THE TASK: From the first line to the last, restate the records word for word, skipping the pictures.

DATA FOR ANALYSIS:
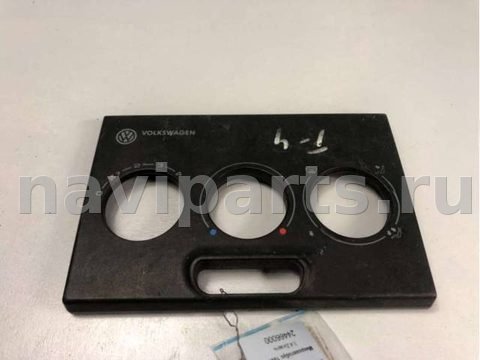 Новое Volkswagen Multivan T4, 1997 г., OEM 701819075A, арт. B24466000_3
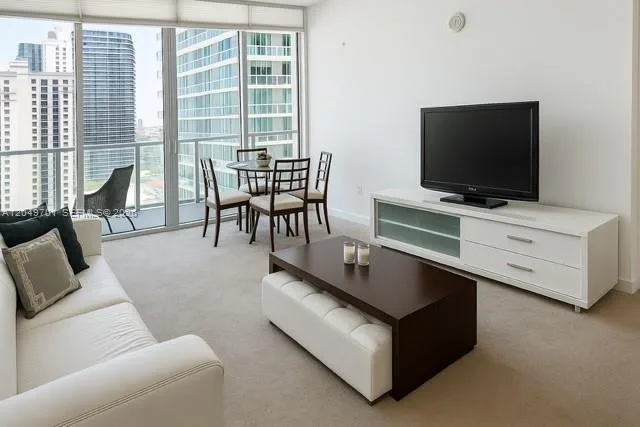79 SW 12th St # 3111-S, Miami, FL 33130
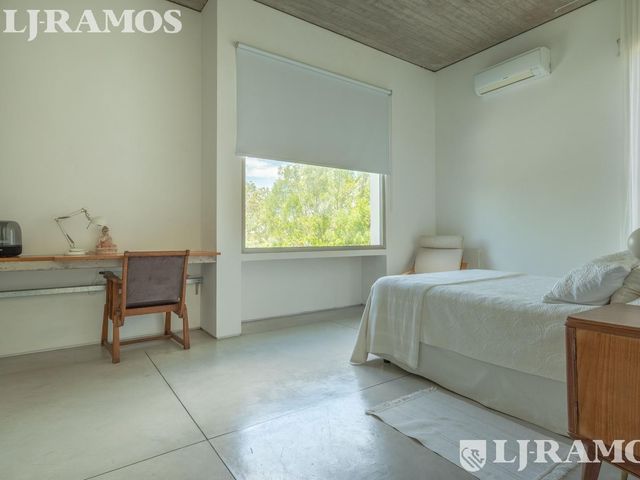 place photo 48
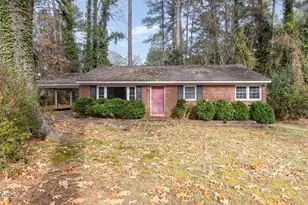 27 S Circle Dr, Chapel Hill, NC 27516 - Photo 1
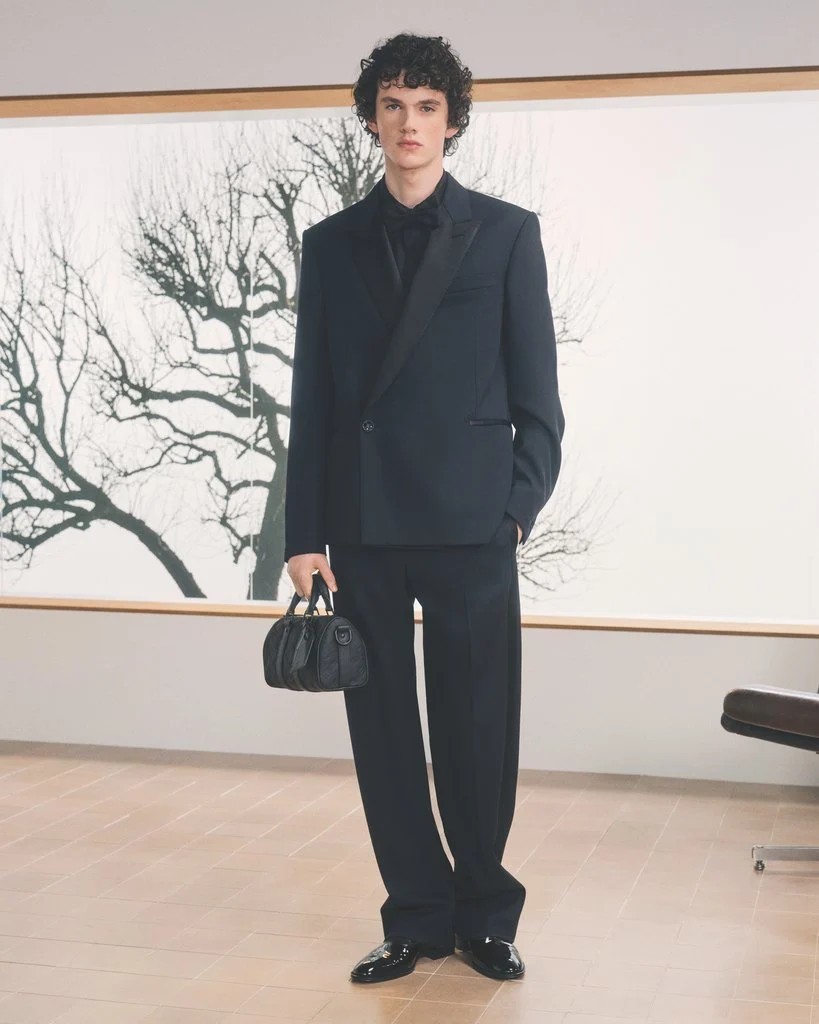 LOUIS-VUITTON-MENrsquoS-FORMAL-SPRING-SUMMER-2027-LOOK-17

RESPONSE AREA:
 Новое Volkswagen Multivan T4, 1997 г., OEM 701819075A, арт. B24466000_3
79 SW 12th St # 3111-S, Miami, FL 33130
 place photo 48
 27 S Circle Dr, Chapel Hill, NC 27516 - Photo 1
 LOUIS-VUITTON-MENrsquoS-FORMAL-SPRING-SUMMER-2027-LOOK-17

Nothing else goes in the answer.